Nov. 13 (Bloomberg) -- Euro finance chiefs left unanswered how they’ll fill a fresh hole in Greece’s balance sheet without tapping their own bailout-weary taxpayers for money after giving the country two extra years to trim its budget deficit.
In the latest compromise in three years of crisis fighting, creditors led by Germany opted late yesterday to keep money flowing to Greece instead of risking a default that could lead to the nation’s exit from the euro and stir more turmoil for the countries that remain in the single-currency bloc.
Greece has made “far-reaching decisions that go in the right direction,” German Finance Minister Wolfgang Schaeuble told reporters in Brussels today. He said Greece’s aid program can be re-engineered to plug a financing gap of as much as 32.6 billion euros ($41 billion) without costing creditors a cent.

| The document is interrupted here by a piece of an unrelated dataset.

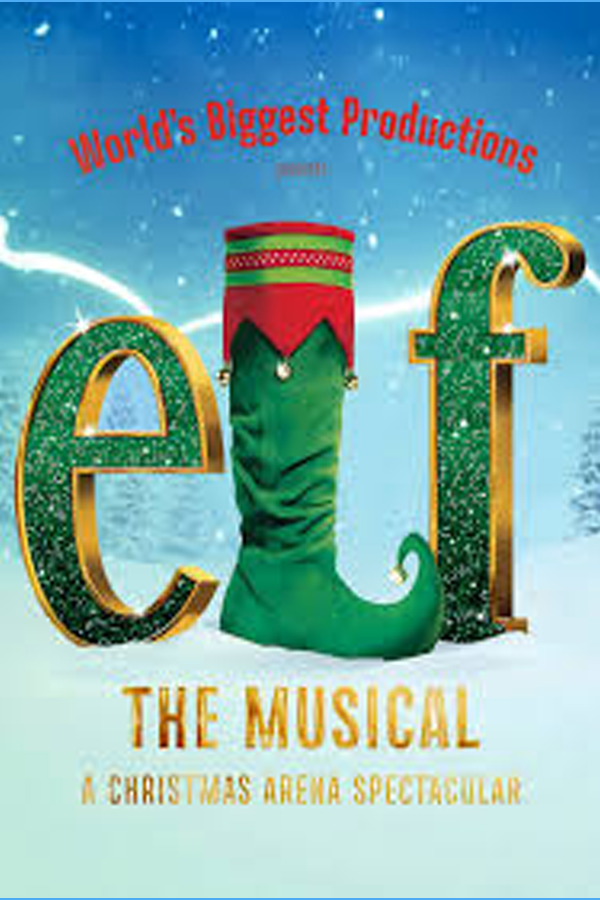 Poster for 'Elf the Musical,' featuring large glittery green letters spelling 'Elf' with a Christmas stocking as the middle letter, and red text above reading 'World's Biggest Productions.'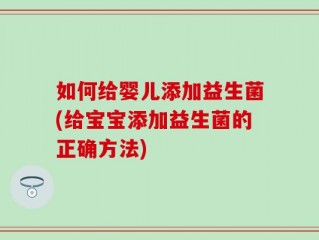 如何给婴儿添加益生菌(给宝宝添加益生菌的正确方法)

Prospects of a funding deal at a hastily scheduled Nov. 20 meeting were clouded by objections from the International Monetary Fund, which took issue with the ministers’ decision to postpone the goal of getting Greece’s debt down to a “sustainable” level of 120 percent of gross domestic product by two years to 2022.

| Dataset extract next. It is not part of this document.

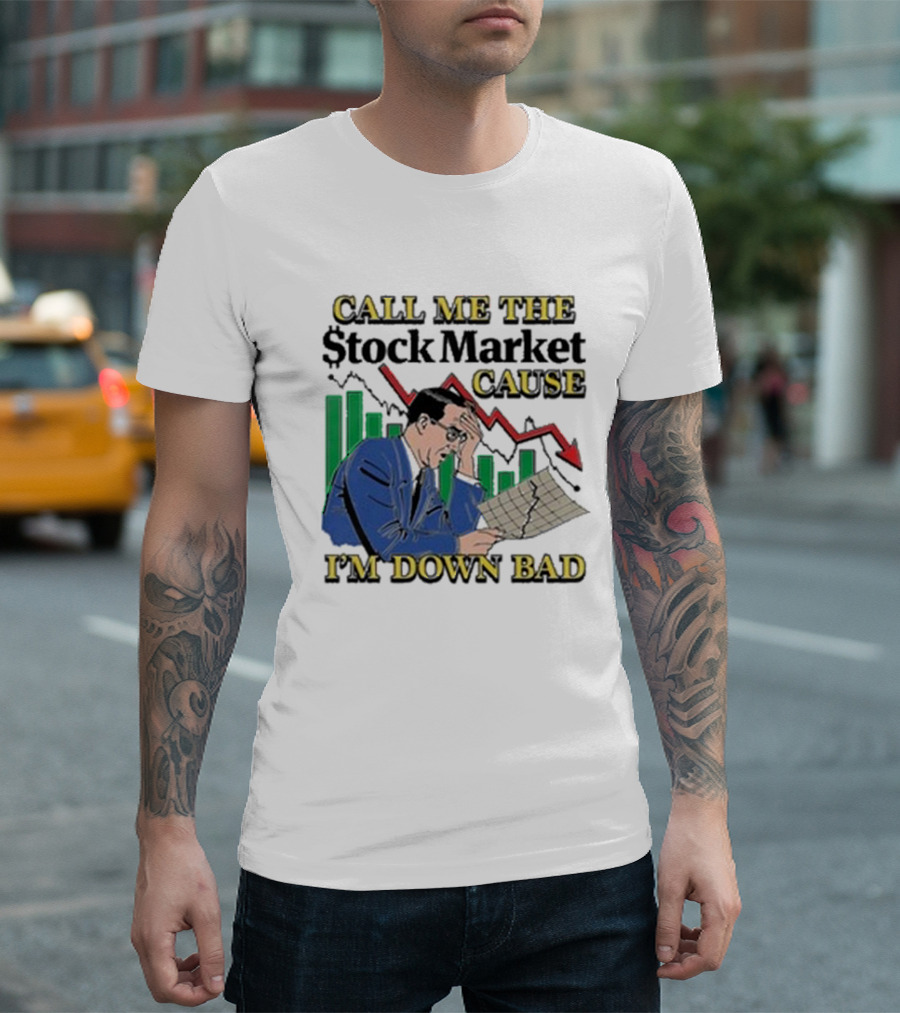 Call Me The Stock Market Cause I’m Down Bad Graph Background T-Shirt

Market reaction was mixed. The euro and Greek bonds initially fell on concern that Greece’s financing dilemma would defy quick solutions. The market rebounded after Bild reported that Germany favors speeding planned future loan payouts. Spain’s bonds fell after Economy Minister Luis de Guindos said there was no discussion of a Spanish bailout last night.
Managing Director Christine Lagarde left open whether the IMF, provider of about a third of 148.6 billion euros in loans funnelled to Greece since 2010, will maintain its lending after the euro-area ministers consented to higher Greek debt for a longer period and ruled out a write-off of official debt.
“Debt sustainability of Greece has to be measured in 2020,” said Lagarde, who was French finance minister when the crisis started. “We clearly have different views. What matters at the end of the day is the sustainability of the Greek debt.”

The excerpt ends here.